### Supplied records

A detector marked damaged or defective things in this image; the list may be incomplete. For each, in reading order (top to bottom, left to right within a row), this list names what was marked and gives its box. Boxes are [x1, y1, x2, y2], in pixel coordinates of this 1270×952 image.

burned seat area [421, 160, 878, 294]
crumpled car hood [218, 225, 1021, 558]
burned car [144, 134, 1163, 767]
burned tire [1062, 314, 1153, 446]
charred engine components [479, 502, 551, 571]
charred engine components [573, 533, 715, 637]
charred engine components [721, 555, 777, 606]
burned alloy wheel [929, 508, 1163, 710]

### About this task
Extract the data in full. Keep it word for word.

### Exercise solution
A detector marked damaged or defective things in this image; the list may be incomplete. For each, in reading order (top to bottom, left to right within a row), this list names what was marked and gives its box. Boxes are [x1, y1, x2, y2], in pixel coordinates of this 1270×952 image.

burned seat area [421, 160, 878, 294]
crumpled car hood [218, 225, 1021, 558]
burned car [144, 134, 1163, 767]
burned tire [1062, 314, 1153, 446]
charred engine components [479, 502, 551, 571]
charred engine components [573, 533, 715, 637]
charred engine components [721, 555, 777, 606]
burned alloy wheel [929, 508, 1163, 710]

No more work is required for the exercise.